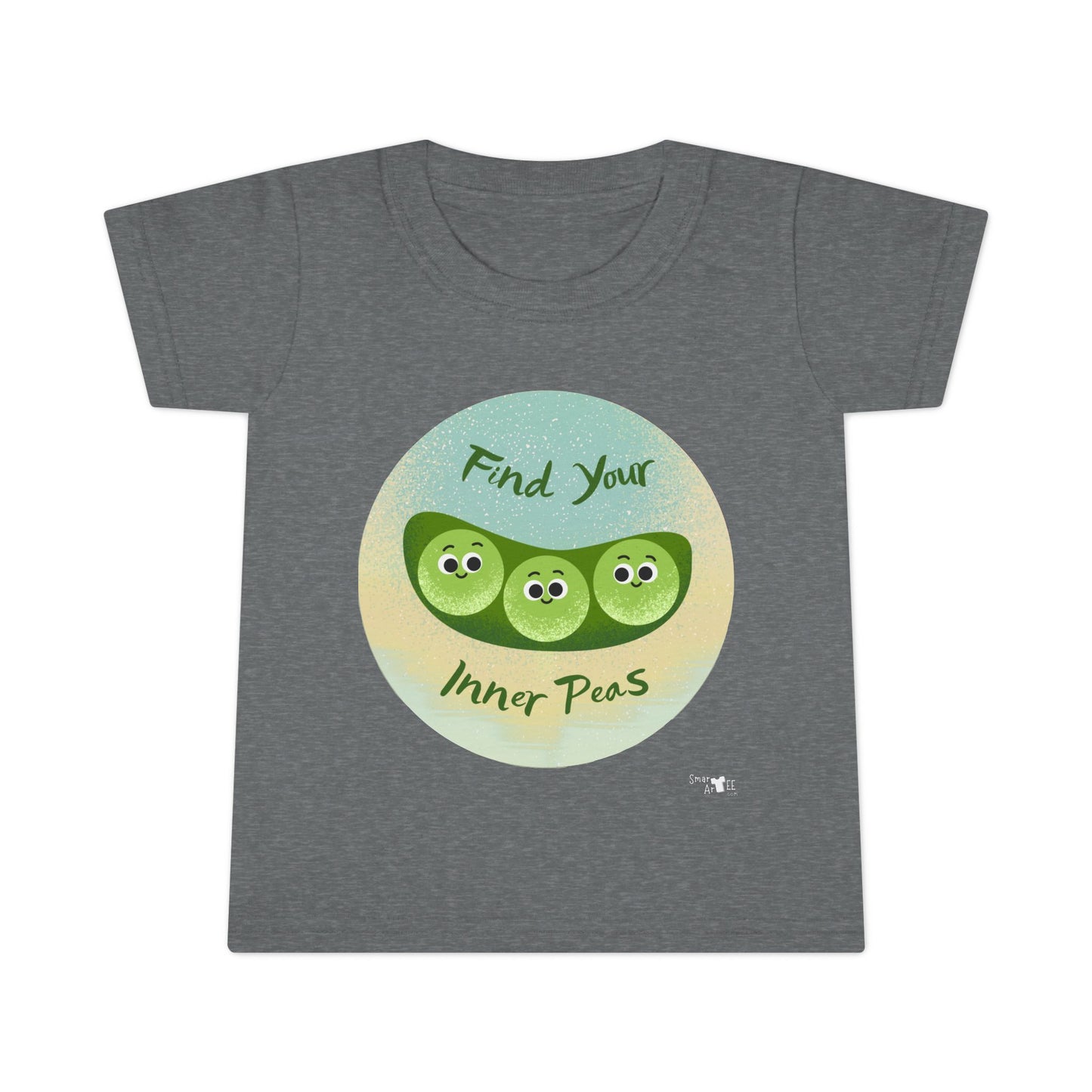 Find Your Inner Peas Toddler Shirt, Cute Kids Tee, Funny Children's Apparel, Baby Shower Gift, Eco-Friendly Toddler Top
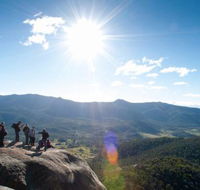 Gibraltar Peak - Accommodation Brunswick Heads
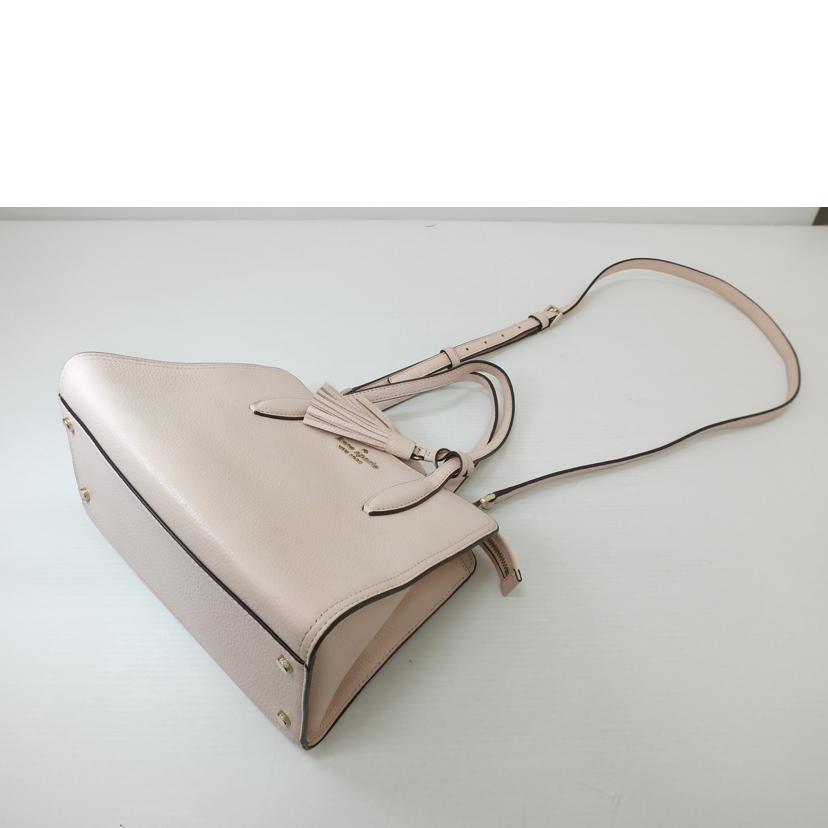 kate　spade ケイトスペード/2Wayレザーハンドバッグ/S338//ABランク/88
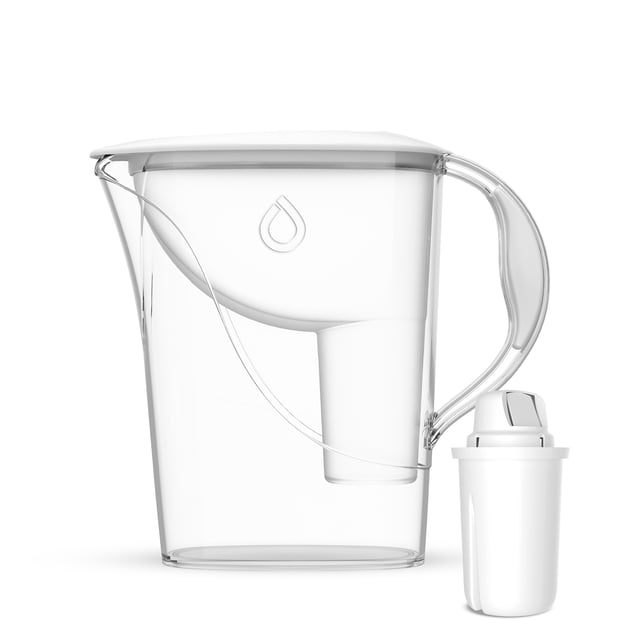 Dafi  Vattenreningskanna Atria Classic Vit 2,4 Liter 1 st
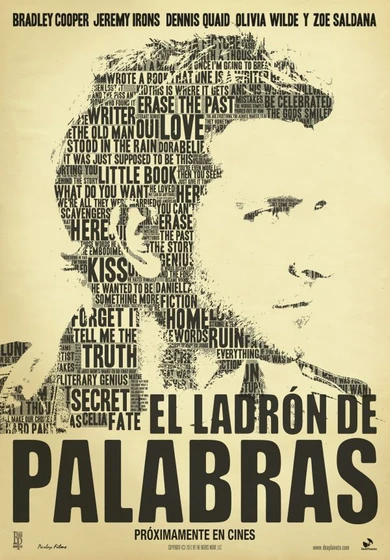 Imagen de el-ladron-de-palabras (Cartel teaser)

┄┄┄┄┄┄┄┄┄┄┄┄┄┄┄┄┄┄┄┄

Quote every record above exactly, leaving out any pictures.

 Find Your Inner Peas Toddler Shirt, Cute Kids Tee, Funny Children's Apparel, Baby Shower Gift, Eco-Friendly Toddler Top
 Gibraltar Peak - Accommodation Brunswick Heads
 kate　spade ケイトスペード/2Wayレザーハンドバッグ/S338//ABランク/88
 Dafi  Vattenreningskanna Atria Classic Vit 2,4 Liter 1 st
 Imagen de el-ladron-de-palabras (Cartel teaser)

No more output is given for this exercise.